=== Section Start ===

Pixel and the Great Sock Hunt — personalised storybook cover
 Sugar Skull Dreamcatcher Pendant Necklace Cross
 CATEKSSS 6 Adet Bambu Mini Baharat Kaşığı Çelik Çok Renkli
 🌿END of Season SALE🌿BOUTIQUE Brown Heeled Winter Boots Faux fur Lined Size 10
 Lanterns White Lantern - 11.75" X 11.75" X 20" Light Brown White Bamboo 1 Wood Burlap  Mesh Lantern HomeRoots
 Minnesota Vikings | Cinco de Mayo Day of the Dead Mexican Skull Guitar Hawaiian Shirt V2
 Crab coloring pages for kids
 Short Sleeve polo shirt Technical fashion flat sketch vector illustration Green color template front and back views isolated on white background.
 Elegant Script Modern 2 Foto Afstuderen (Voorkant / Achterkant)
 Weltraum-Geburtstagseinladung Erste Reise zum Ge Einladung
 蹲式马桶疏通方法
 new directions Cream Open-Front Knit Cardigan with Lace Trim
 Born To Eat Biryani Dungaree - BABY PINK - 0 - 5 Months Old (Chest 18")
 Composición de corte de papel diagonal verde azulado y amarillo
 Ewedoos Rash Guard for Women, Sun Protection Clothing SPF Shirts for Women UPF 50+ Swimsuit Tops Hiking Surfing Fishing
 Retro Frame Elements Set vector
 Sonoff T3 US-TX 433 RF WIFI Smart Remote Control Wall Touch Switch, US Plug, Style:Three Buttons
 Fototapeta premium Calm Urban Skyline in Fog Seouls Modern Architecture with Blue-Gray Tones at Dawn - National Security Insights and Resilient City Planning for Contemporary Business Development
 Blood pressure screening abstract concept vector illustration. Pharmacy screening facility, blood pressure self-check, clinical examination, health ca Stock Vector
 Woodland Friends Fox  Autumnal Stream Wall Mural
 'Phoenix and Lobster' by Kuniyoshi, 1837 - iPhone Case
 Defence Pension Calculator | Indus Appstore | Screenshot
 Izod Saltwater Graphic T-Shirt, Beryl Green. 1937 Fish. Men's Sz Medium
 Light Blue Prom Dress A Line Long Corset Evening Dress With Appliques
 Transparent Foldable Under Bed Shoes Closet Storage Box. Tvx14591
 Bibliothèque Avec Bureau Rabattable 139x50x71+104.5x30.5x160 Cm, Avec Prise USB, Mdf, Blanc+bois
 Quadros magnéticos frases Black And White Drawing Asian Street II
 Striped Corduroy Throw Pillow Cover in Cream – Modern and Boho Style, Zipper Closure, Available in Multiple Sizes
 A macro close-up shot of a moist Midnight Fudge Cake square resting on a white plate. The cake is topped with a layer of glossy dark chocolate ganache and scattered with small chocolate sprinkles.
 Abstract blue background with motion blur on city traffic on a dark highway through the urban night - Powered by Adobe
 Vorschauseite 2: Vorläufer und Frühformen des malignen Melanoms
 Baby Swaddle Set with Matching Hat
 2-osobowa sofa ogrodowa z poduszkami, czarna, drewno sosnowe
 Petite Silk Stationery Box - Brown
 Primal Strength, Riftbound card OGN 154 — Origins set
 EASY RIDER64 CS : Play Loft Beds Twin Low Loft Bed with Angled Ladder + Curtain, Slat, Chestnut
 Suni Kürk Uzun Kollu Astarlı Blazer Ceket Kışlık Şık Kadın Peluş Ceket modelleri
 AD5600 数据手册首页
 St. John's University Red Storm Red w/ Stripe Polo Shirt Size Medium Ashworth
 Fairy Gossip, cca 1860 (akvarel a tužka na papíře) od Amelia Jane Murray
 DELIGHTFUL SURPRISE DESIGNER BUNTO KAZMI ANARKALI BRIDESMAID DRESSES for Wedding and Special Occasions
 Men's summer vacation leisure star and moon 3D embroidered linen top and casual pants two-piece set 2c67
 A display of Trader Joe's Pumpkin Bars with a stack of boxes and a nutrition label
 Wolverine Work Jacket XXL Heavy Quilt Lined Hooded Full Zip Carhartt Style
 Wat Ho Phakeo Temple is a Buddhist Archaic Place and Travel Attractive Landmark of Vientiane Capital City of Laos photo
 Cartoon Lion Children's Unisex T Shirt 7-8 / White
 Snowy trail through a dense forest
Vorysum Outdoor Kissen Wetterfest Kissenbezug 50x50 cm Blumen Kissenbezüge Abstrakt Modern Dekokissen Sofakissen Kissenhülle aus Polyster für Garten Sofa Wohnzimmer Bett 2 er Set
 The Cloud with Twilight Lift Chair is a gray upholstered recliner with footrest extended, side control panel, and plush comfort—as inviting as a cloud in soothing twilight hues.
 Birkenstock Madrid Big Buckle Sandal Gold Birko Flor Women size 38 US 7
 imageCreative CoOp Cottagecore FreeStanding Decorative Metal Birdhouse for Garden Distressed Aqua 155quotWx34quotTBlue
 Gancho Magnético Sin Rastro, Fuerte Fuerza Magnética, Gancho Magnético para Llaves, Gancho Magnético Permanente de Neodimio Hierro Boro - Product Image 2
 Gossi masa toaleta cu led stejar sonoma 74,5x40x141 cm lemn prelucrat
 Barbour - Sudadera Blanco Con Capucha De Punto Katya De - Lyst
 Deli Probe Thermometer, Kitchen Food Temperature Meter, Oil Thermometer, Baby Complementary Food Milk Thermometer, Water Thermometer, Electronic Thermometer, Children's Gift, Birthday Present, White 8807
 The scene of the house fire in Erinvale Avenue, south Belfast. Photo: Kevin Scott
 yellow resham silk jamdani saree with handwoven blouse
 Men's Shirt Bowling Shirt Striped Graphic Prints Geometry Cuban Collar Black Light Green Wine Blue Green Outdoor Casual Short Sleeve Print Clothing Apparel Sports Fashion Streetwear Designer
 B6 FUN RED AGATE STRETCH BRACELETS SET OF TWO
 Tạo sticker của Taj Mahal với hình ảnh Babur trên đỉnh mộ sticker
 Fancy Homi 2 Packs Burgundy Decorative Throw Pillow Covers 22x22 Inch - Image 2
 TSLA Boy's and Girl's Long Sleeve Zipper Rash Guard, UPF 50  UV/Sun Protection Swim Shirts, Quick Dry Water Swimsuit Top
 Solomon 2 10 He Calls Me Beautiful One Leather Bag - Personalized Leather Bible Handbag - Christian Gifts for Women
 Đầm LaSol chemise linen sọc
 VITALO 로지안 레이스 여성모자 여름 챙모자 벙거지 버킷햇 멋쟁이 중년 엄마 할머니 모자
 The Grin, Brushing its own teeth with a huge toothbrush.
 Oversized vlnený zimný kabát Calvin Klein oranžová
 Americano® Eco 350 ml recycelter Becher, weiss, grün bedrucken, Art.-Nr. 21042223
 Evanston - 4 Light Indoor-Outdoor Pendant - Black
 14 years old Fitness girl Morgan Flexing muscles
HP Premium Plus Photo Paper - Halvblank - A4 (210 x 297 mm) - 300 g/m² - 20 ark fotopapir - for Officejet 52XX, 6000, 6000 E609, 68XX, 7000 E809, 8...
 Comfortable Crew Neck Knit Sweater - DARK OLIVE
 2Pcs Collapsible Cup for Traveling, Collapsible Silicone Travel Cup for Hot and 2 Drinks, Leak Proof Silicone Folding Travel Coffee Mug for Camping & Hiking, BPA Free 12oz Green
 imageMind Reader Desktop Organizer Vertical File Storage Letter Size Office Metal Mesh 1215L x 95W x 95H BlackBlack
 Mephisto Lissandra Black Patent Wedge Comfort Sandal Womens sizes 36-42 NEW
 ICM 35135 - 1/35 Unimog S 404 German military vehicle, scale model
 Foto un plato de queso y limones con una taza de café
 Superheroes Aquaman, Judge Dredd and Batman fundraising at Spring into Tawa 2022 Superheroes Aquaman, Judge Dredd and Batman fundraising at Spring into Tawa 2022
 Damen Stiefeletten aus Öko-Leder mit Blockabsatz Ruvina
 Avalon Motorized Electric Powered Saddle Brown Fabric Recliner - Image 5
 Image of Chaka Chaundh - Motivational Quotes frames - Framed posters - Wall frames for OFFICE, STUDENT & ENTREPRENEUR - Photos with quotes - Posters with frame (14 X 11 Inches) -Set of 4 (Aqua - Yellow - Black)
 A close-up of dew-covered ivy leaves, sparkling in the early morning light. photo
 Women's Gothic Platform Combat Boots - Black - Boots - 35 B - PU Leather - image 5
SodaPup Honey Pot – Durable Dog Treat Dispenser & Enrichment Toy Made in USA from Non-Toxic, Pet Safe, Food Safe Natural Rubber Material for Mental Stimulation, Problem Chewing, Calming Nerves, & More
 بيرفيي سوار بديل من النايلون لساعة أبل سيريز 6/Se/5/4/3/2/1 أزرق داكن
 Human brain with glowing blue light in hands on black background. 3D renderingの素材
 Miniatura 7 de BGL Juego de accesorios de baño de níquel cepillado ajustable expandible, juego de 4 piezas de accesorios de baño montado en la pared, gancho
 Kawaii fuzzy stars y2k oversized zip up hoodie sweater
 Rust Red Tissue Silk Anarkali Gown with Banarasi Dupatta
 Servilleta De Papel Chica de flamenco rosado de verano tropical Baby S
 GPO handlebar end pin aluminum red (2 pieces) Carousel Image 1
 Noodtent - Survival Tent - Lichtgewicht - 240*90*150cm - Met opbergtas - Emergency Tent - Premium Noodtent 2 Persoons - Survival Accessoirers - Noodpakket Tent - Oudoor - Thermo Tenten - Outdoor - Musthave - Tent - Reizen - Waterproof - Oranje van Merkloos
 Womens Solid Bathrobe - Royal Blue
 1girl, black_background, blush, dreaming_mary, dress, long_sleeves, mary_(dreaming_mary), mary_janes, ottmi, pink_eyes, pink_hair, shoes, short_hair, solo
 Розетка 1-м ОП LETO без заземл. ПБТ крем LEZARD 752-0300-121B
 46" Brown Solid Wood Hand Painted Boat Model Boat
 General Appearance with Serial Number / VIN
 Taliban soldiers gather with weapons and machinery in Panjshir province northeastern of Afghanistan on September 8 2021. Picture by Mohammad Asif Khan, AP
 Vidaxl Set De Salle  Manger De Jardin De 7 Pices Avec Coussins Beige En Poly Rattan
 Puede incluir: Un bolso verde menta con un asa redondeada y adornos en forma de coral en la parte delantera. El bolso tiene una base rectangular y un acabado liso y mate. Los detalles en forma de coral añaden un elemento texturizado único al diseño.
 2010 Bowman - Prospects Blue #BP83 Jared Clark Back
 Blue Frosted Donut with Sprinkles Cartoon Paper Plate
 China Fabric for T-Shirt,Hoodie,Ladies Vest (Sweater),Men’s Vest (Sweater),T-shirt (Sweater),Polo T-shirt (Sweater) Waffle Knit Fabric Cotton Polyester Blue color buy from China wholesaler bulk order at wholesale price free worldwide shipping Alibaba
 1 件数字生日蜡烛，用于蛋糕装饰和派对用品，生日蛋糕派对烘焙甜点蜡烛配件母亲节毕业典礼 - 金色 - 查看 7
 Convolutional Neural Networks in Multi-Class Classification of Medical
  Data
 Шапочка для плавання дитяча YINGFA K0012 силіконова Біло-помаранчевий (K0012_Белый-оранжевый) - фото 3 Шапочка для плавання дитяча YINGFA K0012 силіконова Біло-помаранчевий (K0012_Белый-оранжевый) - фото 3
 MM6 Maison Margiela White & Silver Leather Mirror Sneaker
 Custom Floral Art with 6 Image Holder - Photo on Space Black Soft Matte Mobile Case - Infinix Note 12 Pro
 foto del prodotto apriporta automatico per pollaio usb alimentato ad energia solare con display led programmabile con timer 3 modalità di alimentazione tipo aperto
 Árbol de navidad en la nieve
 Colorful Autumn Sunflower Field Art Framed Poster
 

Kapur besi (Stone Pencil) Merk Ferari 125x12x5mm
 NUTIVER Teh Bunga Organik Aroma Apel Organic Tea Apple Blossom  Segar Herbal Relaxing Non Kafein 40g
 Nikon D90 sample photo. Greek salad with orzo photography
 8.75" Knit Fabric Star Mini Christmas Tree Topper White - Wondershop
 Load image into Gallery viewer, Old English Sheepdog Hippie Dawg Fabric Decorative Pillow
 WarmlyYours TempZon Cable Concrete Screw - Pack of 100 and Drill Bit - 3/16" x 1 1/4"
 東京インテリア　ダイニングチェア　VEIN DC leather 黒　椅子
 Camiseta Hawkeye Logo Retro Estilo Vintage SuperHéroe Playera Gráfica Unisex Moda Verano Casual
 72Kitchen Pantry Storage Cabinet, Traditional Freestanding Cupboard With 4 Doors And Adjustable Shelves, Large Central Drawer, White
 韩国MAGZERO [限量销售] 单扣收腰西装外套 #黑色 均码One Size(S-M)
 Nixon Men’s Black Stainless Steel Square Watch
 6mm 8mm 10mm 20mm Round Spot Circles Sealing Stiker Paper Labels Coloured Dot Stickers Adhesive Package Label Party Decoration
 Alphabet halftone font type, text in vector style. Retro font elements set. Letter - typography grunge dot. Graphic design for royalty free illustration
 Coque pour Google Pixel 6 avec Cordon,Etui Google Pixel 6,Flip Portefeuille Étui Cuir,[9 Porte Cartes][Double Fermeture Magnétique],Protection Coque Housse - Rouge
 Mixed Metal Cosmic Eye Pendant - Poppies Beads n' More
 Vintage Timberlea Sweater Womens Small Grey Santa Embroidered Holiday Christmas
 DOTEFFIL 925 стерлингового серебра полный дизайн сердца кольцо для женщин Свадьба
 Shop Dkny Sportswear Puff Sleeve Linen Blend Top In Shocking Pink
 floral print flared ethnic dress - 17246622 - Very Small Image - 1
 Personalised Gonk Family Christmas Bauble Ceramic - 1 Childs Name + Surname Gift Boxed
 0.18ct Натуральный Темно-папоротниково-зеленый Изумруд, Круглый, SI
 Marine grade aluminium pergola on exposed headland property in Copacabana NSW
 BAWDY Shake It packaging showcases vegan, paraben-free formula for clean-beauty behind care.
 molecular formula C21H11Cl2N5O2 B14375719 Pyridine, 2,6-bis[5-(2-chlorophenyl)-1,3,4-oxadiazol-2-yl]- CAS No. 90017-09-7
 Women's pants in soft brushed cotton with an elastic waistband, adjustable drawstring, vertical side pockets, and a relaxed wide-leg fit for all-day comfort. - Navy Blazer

=== Section End ===

WHAT YOU ARE ASKED TO DO: Retype the entries above exactly, but only from the line containing "Human brain with" through the line containing "GPO handlebar end", both included.

WRITTEN RESPONSE:
 Human brain with glowing blue light in hands on black background. 3D renderingの素材
 Miniatura 7 de BGL Juego de accesorios de baño de níquel cepillado ajustable expandible, juego de 4 piezas de accesorios de baño montado en la pared, gancho
 Kawaii fuzzy stars y2k oversized zip up hoodie sweater
 Rust Red Tissue Silk Anarkali Gown with Banarasi Dupatta
 Servilleta De Papel Chica de flamenco rosado de verano tropical Baby S
 GPO handlebar end pin aluminum red (2 pieces) Carousel Image 1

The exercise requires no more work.